* TASK:
Only one stretch of the data should be retyped: the lines from the line containing "Lampe de table" through the line containing "pullover 713# L". Keep pictures out of it.

* PROVIDED RECORDS:
++++++
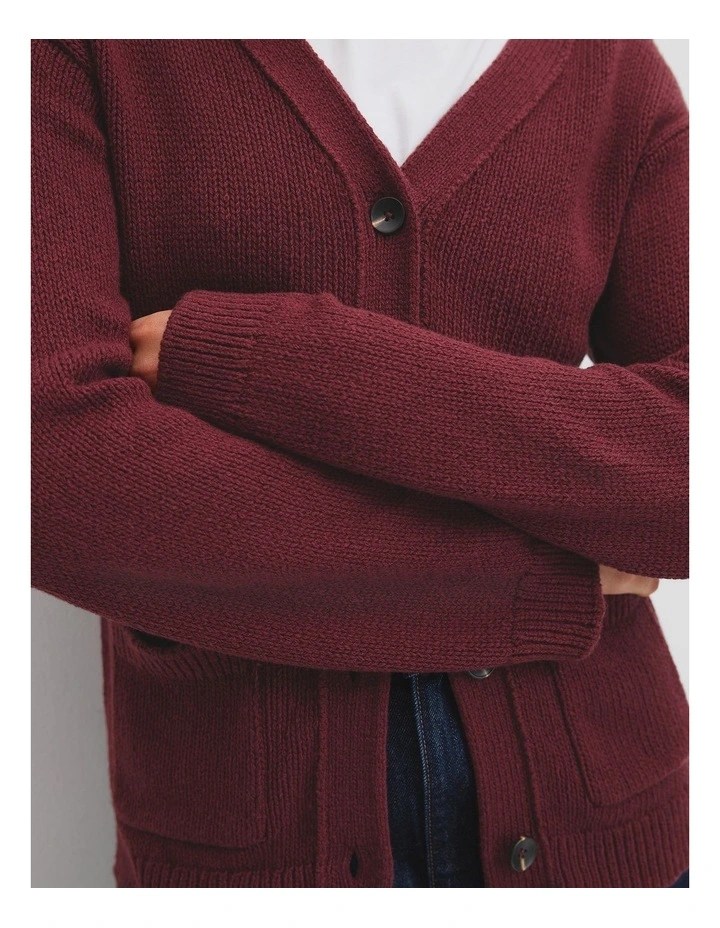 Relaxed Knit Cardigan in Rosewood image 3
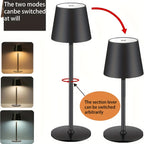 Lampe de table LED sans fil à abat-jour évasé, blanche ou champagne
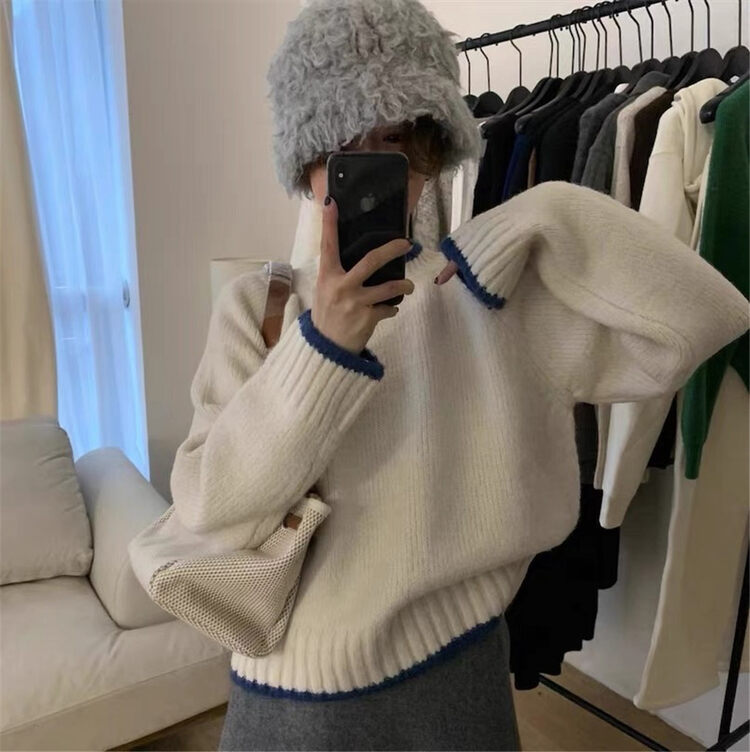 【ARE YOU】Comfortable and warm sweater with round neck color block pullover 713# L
++++++
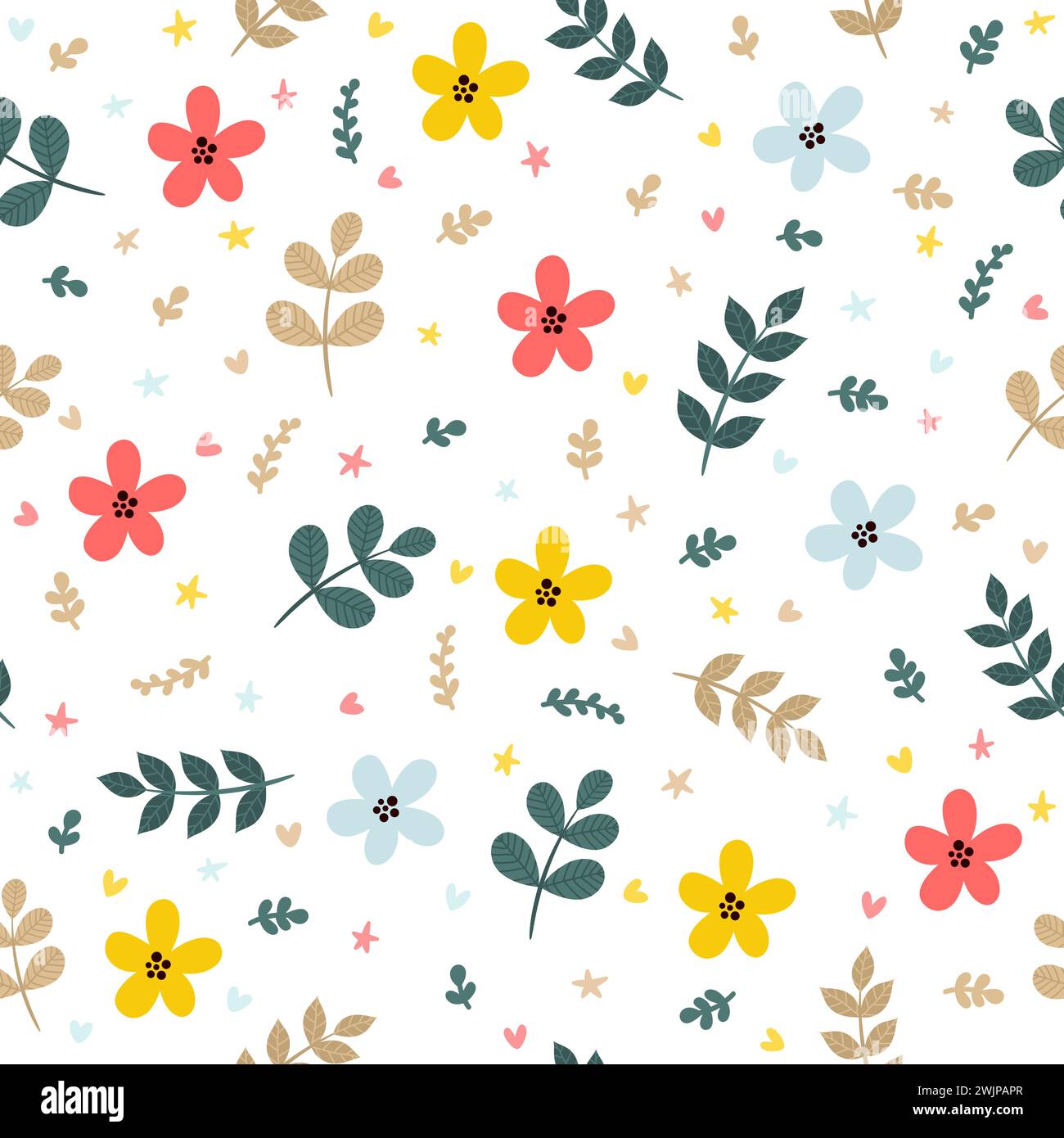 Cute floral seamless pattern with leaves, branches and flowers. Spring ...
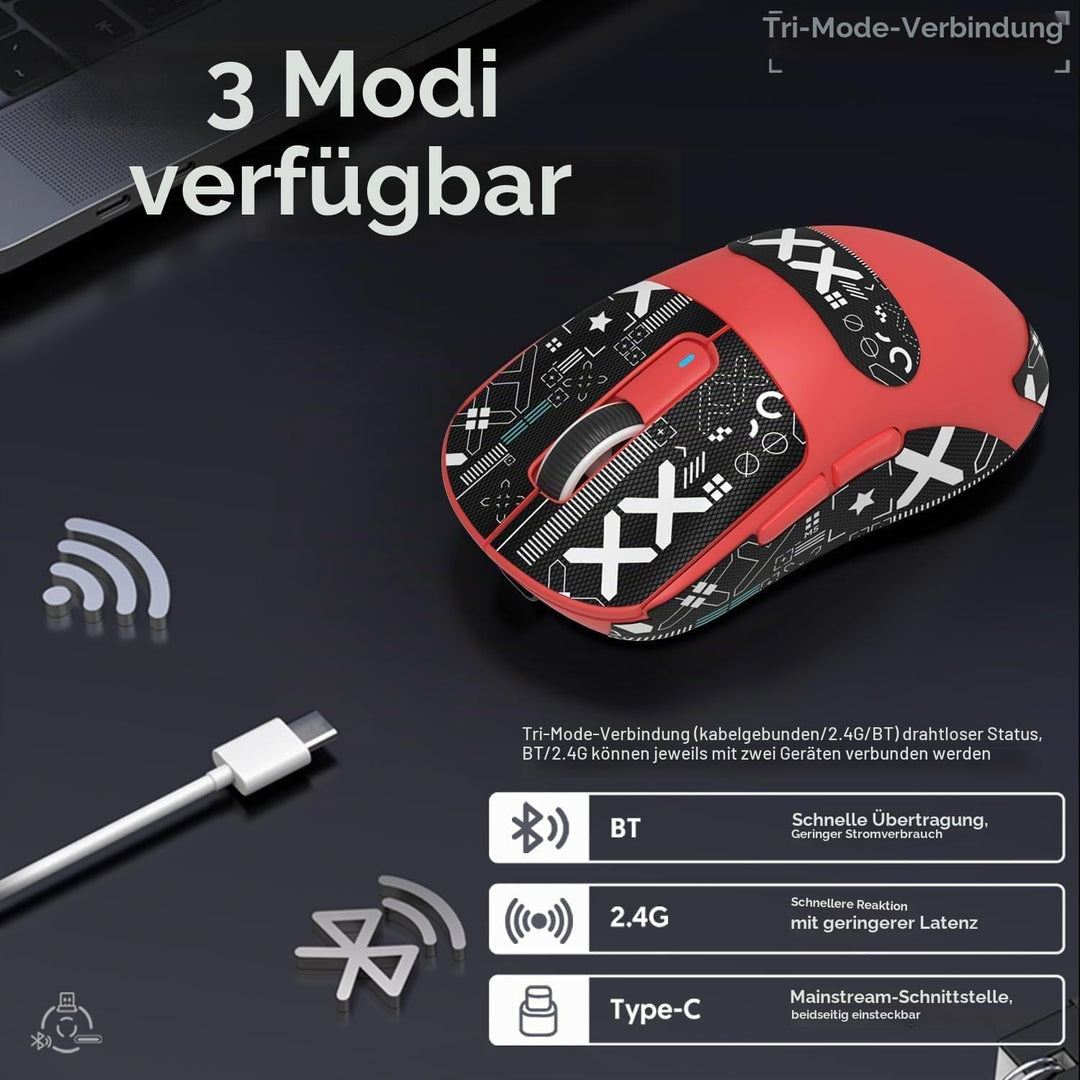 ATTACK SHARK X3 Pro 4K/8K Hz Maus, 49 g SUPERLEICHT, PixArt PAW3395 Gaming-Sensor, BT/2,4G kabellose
++++++
* RESPONSE BOX:
 Lampe de table LED sans fil à abat-jour évasé, blanche ou champagne
 【ARE YOU】Comfortable and warm sweater with round neck color block pullover 713# L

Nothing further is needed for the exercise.